(Zero Hedge) — Earlier this week, tucked away from the public’s eyes, there was another round of drama involving Greek securities this time focused on Greek senior bank bonds which promptly tumbled back to post-referendum/pre-bailout #3 levels.
The catalyst was Friday’s pronouncement by Jeroen Dijsselbloem who said depositors will be shielded from any losses resulting from the restructuring of the nation’s financial system, but that senior bondholders would certainly be impaired and probably wiped out. In other words, once again the superpriority of various classes has been flipped on its head with general unsecured liabilities ending up senior to, well, senior bank claims.
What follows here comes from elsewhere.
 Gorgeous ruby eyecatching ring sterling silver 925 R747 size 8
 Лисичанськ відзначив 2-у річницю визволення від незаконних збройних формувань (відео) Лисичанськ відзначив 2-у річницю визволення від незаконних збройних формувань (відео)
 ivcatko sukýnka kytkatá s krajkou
As Bloomberg reported on Monday, while “Greece’s third bailout will spare depositors in any restructuring of the nation’s financial system, senior bank bondholders may not be so lucky, according to comments from Eurogroup President and Dutch Finance Minister Jeroen Dijsselbloem. The bondholders will be in line for losses if Greek lenders tap into any of the financial stability funds set aside in the new bailout.”
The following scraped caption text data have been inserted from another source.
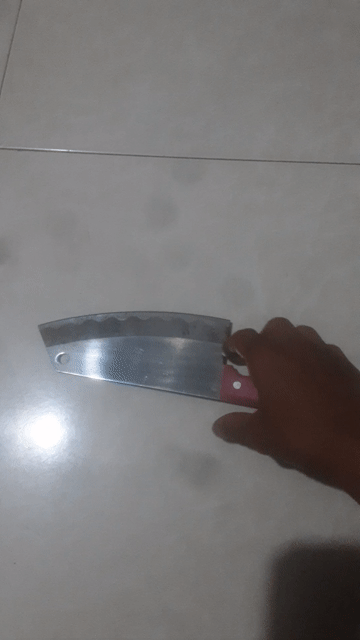 Dao chặt Thép không gỉ Đỏ. Mua bán Dụng cụ nhà bếp tại Thành phố Buôn Ma Thuột Đắk Lắk được đăng bởi phạm danh hình 1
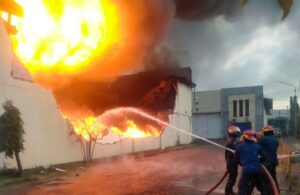 Gudang Spring Bed Terbakar di Sruni Sidoarjo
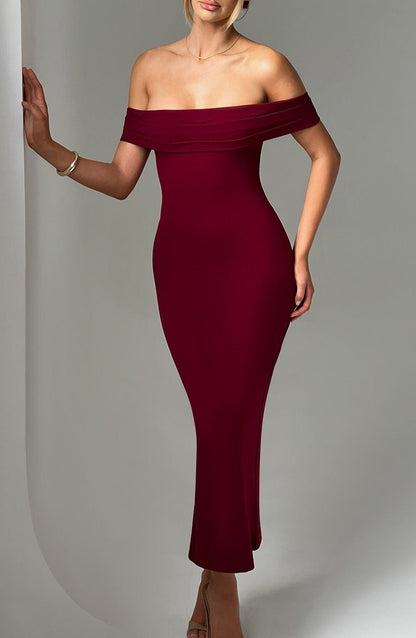 Vestido Midi Borgoña Halter Crepé Beca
“Bondholders were overly optimistic because bail-in of senior bonds was not explicitly mentioned before,” said Robert Montague, a senior analyst at ECM Asset Management in London. “Today they were brought back down to earth with a bump.”
Which is bad news for bondholders, but the biggest losers will once again be depositors who represent the vast bulk of unsecured Greek bank liabilities.
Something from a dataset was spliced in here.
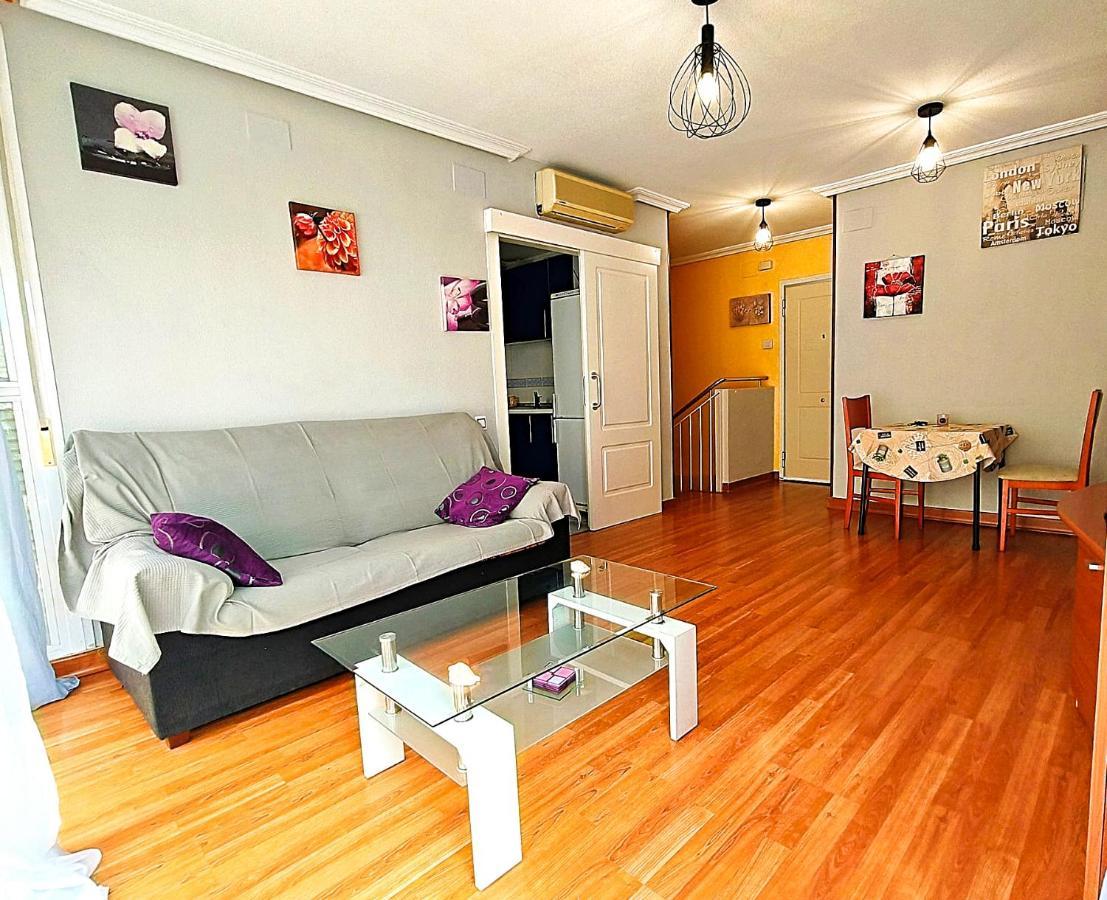 Stunning Two Level In Marina Apartament *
Going back to Friday’s statement by the Eurogroup president, he specifically said that “the bail-in instrument will apply for senior bondholders, whereas the bail-in of depositors is explicitly excluded.” Which is confusing considering that bank stocks were broadly unchanged and in some cases rose. Of course, this makes no sense because as even a first year restructuring associate will tell you, according to traditional waterfall analysis, even the lowliest bond impairment means an equity wipeout. And yet, Greek bank equities are still trading at far more than just tip/nuisance value. Which, to repeat, makes no sense.
But that is not surprising: little of what Europe is doing with Greece makes any sense. Other agree:
“It is not clear how they will make it possible to bail-in bonds while excluding deposits, but as we have seen in other problematic situations, where there is a will there will be a way,” said Olly Burrows, London-based financials analyst at brokerage firm CRT Capital. “We call Dijsselbloem’s solution a bail-up: part bail-out, part bail-in and part cock-up.”
And yet, it appears that following the weekend, Europe realized that it is now openly flaunting the conventional restructuring protocol.
As a reminder, Greece’s euro-area creditors made adoption of the European Union’s Bank Resolution and Recovery Directive, or BRRD, a precondition of the bailout. The directive, which makes it easier to impose losses on senior creditors, should rank senior unsecured bondholders and depositors equally, said Olly Burrows, London-based financials analyst at brokerage firm CRT Capital.
This is something which Dijsselbloem may not have been aware of when he said that one senior class would be impaired while another pari passu group of liabilities, i.e., depositors, would be protected. As noted above, that makes no sense.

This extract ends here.